(REQUIREMENT): Retype each line of the material exactly, please, skipping any picture in it.

(DATASET SECTION):
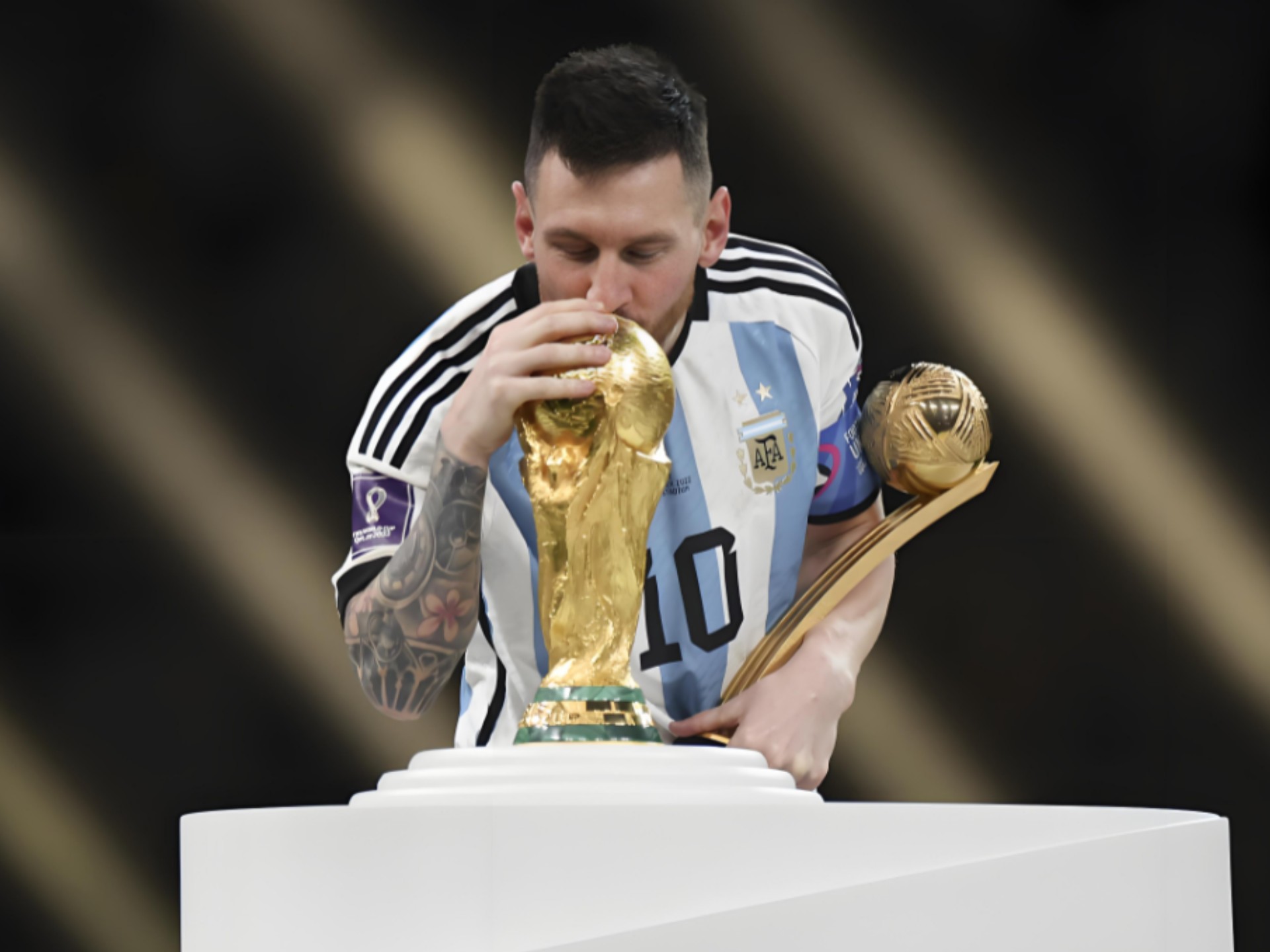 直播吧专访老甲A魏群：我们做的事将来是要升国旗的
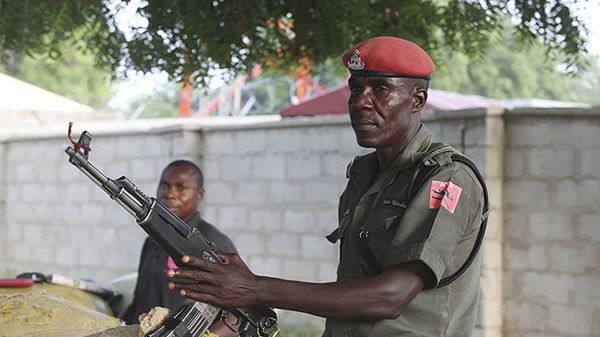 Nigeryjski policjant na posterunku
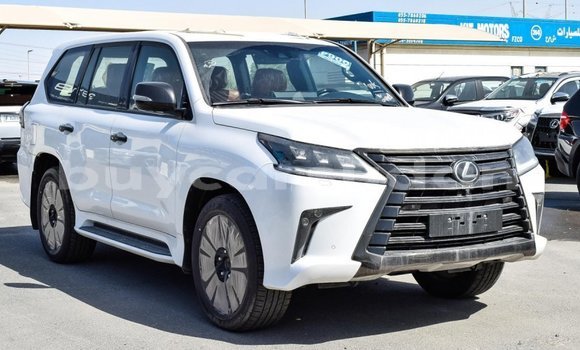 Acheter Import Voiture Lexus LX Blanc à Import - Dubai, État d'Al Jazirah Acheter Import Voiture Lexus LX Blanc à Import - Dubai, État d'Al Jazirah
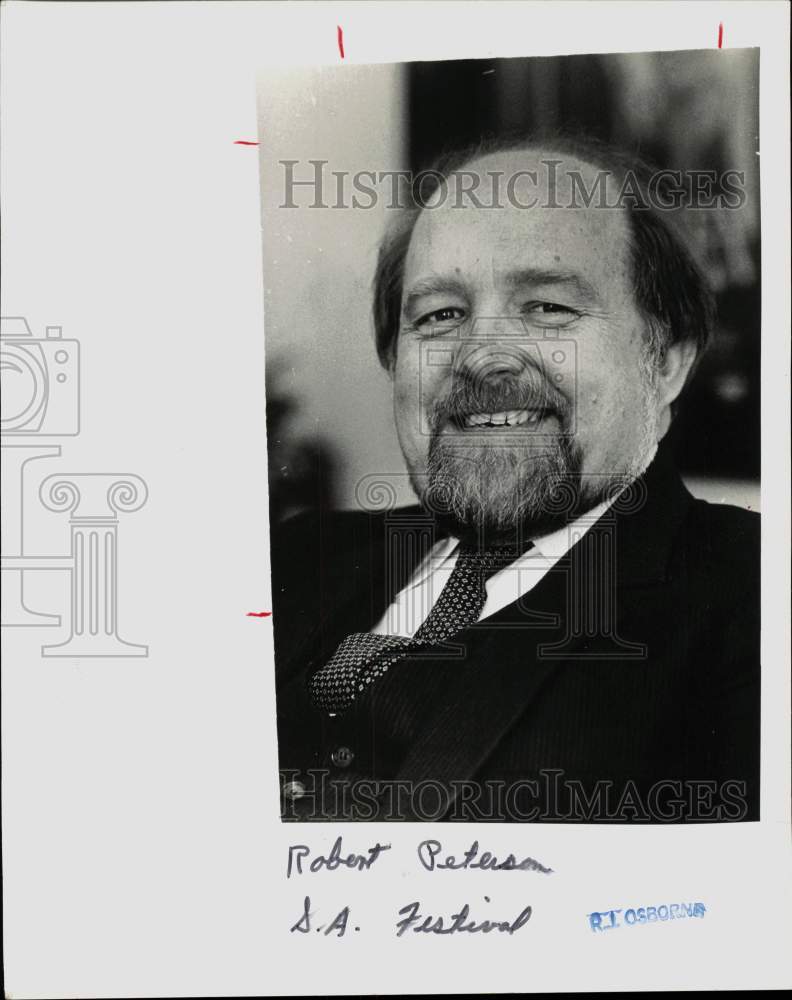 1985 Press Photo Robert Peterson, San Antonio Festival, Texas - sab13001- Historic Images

(ANSWER):
 直播吧专访老甲A魏群：我们做的事将来是要升国旗的
 Nigeryjski policjant na posterunku
 Acheter Import Voiture Lexus LX Blanc à Import - Dubai, État d'Al Jazirah Acheter Import Voiture Lexus LX Blanc à Import - Dubai, État d'Al Jazirah
 1985 Press Photo Robert Peterson, San Antonio Festival, Texas - sab13001- Historic Images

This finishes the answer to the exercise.